Could you repeat the listing exactly, leaving out the pictures?

**INFORMATION PROVIDED:**
_ _ _ _ _
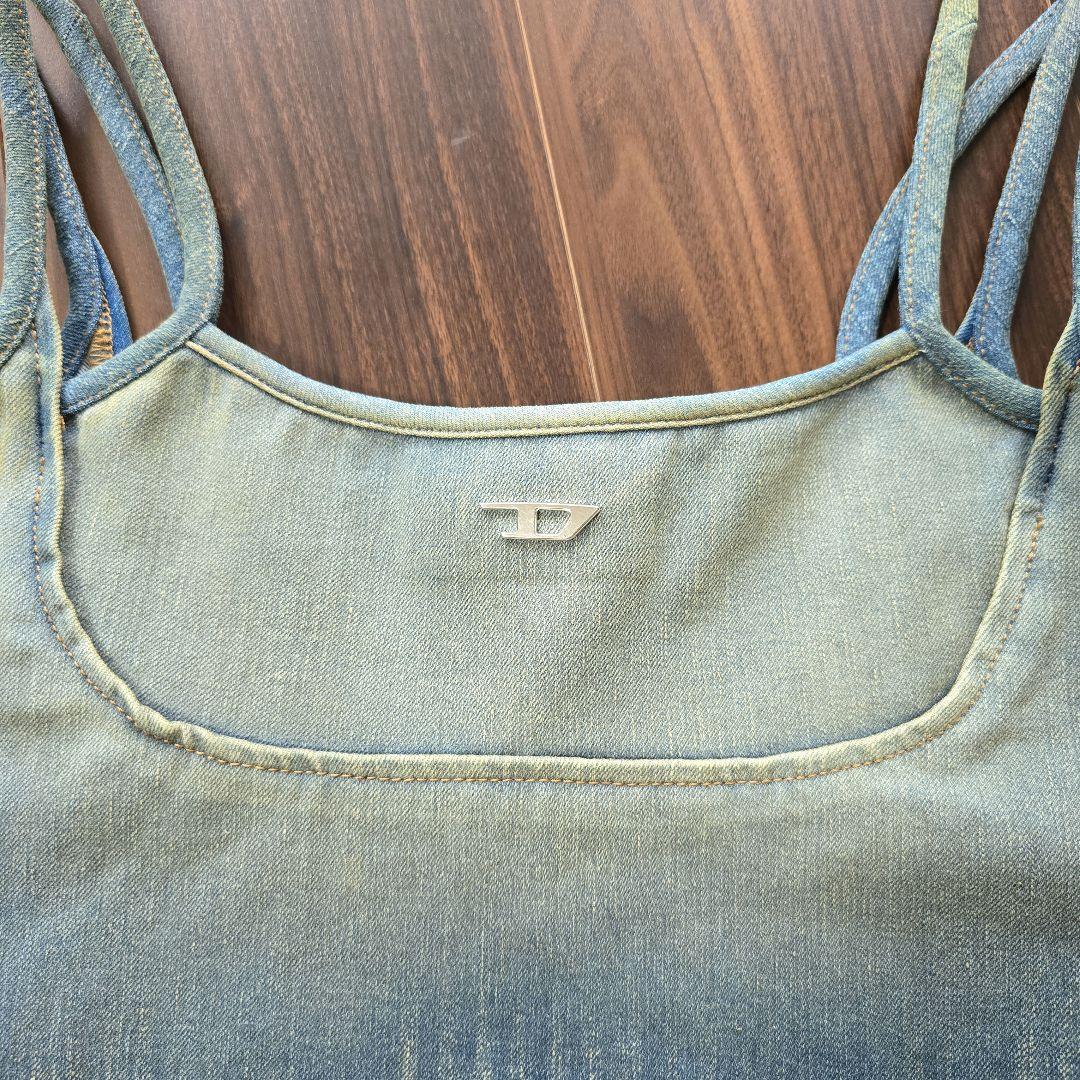 美品 DIESEL キャミソール デニム XS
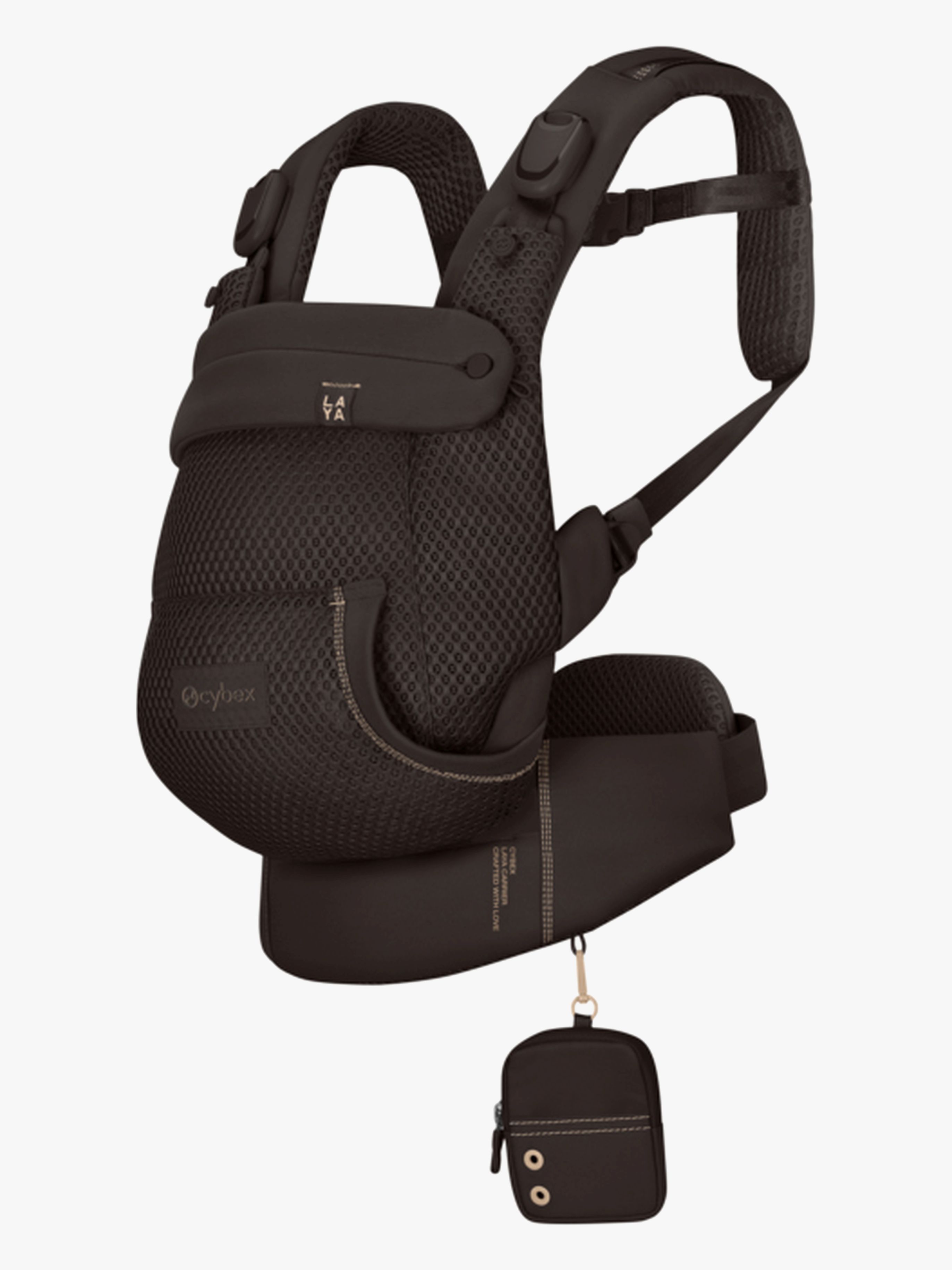 Cybex LAYA Bärsele Chocolate Brown – ergonomisk med magnetspännen, upp till 15 kg
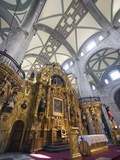 Altar at Cathedral Metropolitana, District Federal, Mexico City, Mexico, North America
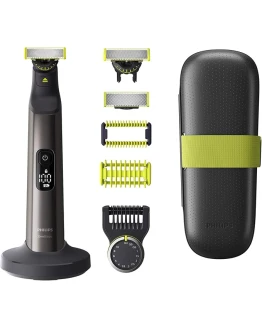 La auténtica Philips OneBlade Pro 360 Recortadora Barba, Maquina de Afeitar Hombre, Afeitadora Corporal, Cara y Cuerpo, 2 Cuchillas 360, 14 Longitudes, Adaptador Para Base Carga, Funda, QP6651/35 Foto de portada de La auténtica Philips OneBlade Pro 360 Recortadora Barba, Maquina de Afeitar Hombre, Afeitadora Corporal, Cara y Cuerpo, 2 Cuchillas 360, 14 Longitudes, Adaptador Para Base Carga, Funda, QP6651/35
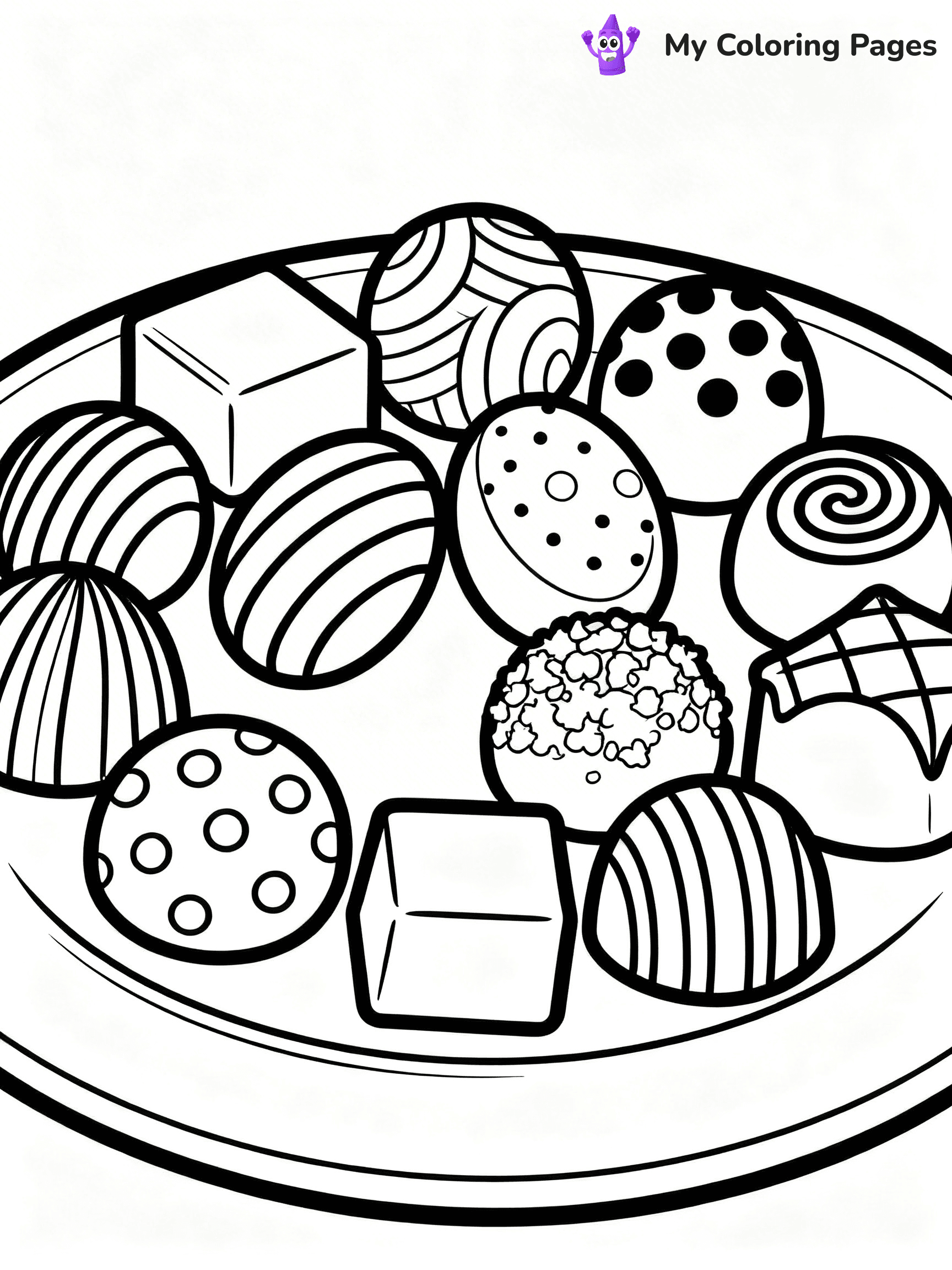 Chocolate Bar Coloring Pages - 90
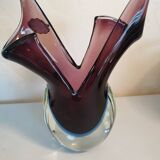 Sommerso Murano Vase Italy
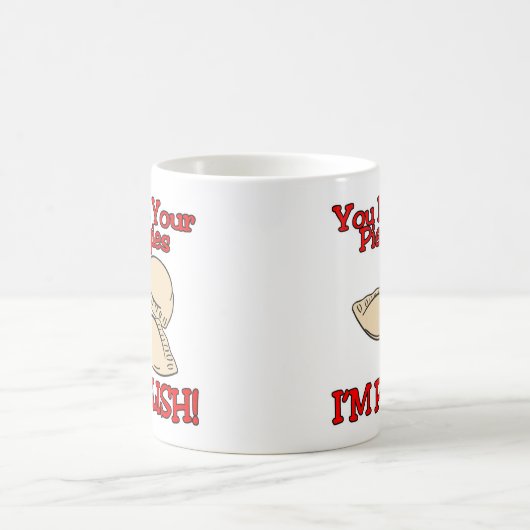 君はピエロはポーランド産だと思う モーフィングマグカップ (中央)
_ _ _ _ _
**RESULT OF THIS TASK:**
 美品 DIESEL キャミソール デニム XS
 Cybex LAYA Bärsele Chocolate Brown – ergonomisk med magnetspännen, upp till 15 kg
 Altar at Cathedral Metropolitana, District Federal, Mexico City, Mexico, North America
 La auténtica Philips OneBlade Pro 360 Recortadora Barba, Maquina de Afeitar Hombre, Afeitadora Corporal, Cara y Cuerpo, 2 Cuchillas 360, 14 Longitudes, Adaptador Para Base Carga, Funda, QP6651/35 Foto de portada de La auténtica Philips OneBlade Pro 360 Recortadora Barba, Maquina de Afeitar Hombre, Afeitadora Corporal, Cara y Cuerpo, 2 Cuchillas 360, 14 Longitudes, Adaptador Para Base Carga, Funda, QP6651/35
 Chocolate Bar Coloring Pages - 90
 Sommerso Murano Vase Italy
 君はピエロはポーランド産だと思う モーフィングマグカップ (中央)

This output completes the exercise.